Although that factor presented itself, the goals began to come in the third period which in most cases would have been the final frame. The Gryphons sent their fans into a frizzy when Marc Stevens scored on the powerplay less than two minutes into the period.
Their joy did not last long as before the announcer could announce the Gryphons tally, the Ottawa Gee-Gees had already tied the game up. Ottawa’s goal, not on the power play, came from Kevin Domingue who has been a pillar player for their team throughout the season.
The end of the period offered another half chance for the Gryphons who caught Gee-Gees netminder Graham way out of position, but they were not able to put in in the net, much to the dismay of their home crowd.
With the goals starting to flow, it was looking like the matchup would end in regulation. Nope, not at all.
The two sides battled continued to battle it out through the final minutes of regulation. The pace of play picked up, the crowd roared, but neither were able to break the deadlock. This game had to go to overtime. Well, this game actually went to three overtimes.
After 42 minutes of astounding skill, speed, goaltending and all-round hockey, Guelph Gryphons forward Ted Nichol pushed the puck into Ottawa’s net and set off an explosion of cheering from fans and players alike as that goal won the 2020 Queen’s Cup.
“I was sorta frozen, I’ve never won a big championship so I didn’t know what to do,” said Nichol after scoring the goal. “I just saw the crowd and my teammates jump up and I started celebrating with them”
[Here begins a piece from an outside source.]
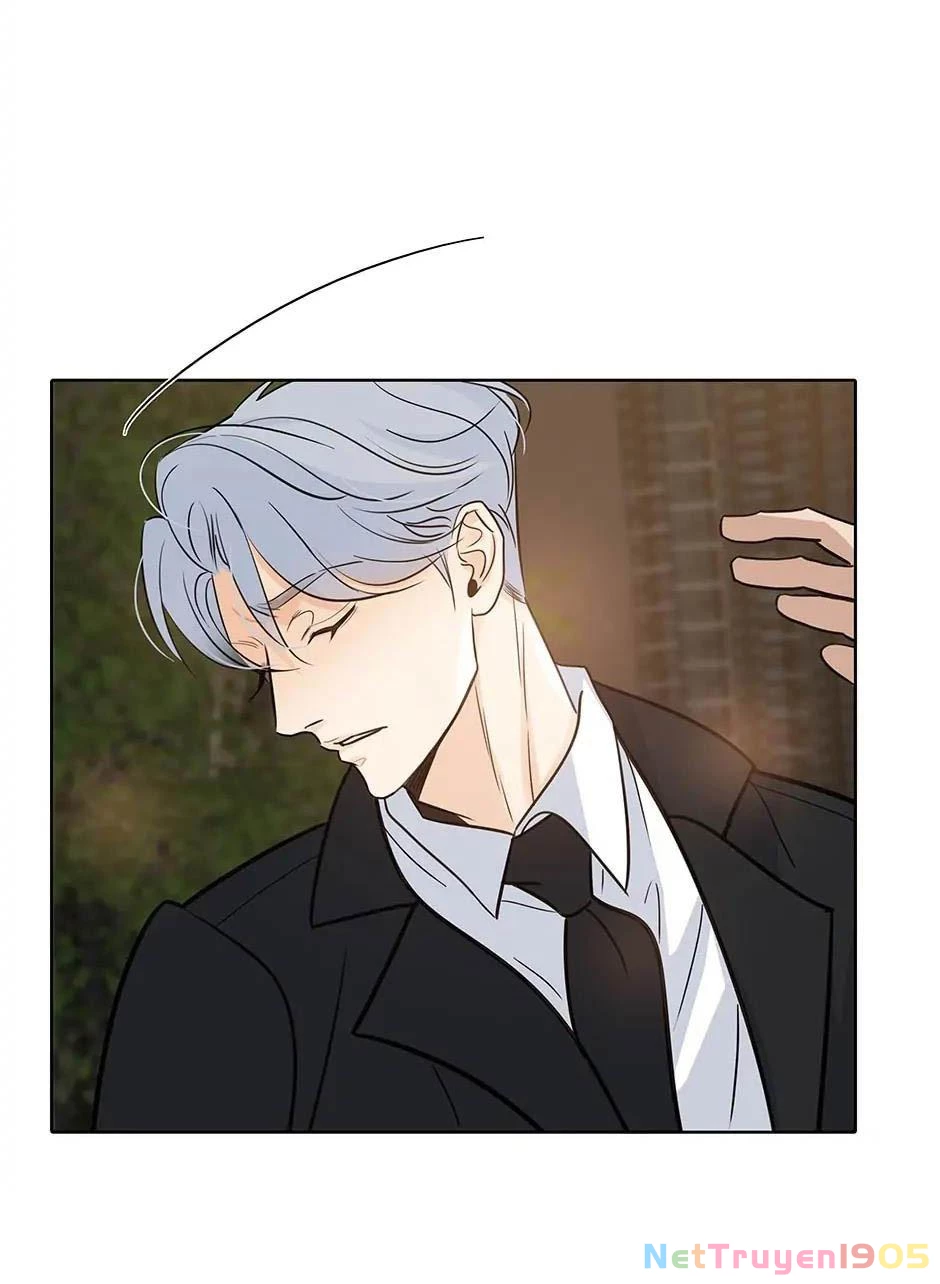 Đừng Chạm Vào Tim Tôi Chapter 59 - 35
While scoring the golden goal like this is a dream for many children, for Guelph native Giordano Finoro, it meant just a little bit more. “All my family was here. I played in this centre as a kid, this is really cool,” said the freshman.
Regardless of who won, both of these teams are headed to Halifax next week to take on teams from across Canada who are all in search of the David Johnston Memorial trophy and U Sports banner.
The schedule for the tournament will be released in the coming days and all the games will be available for streaming on CBC Sports.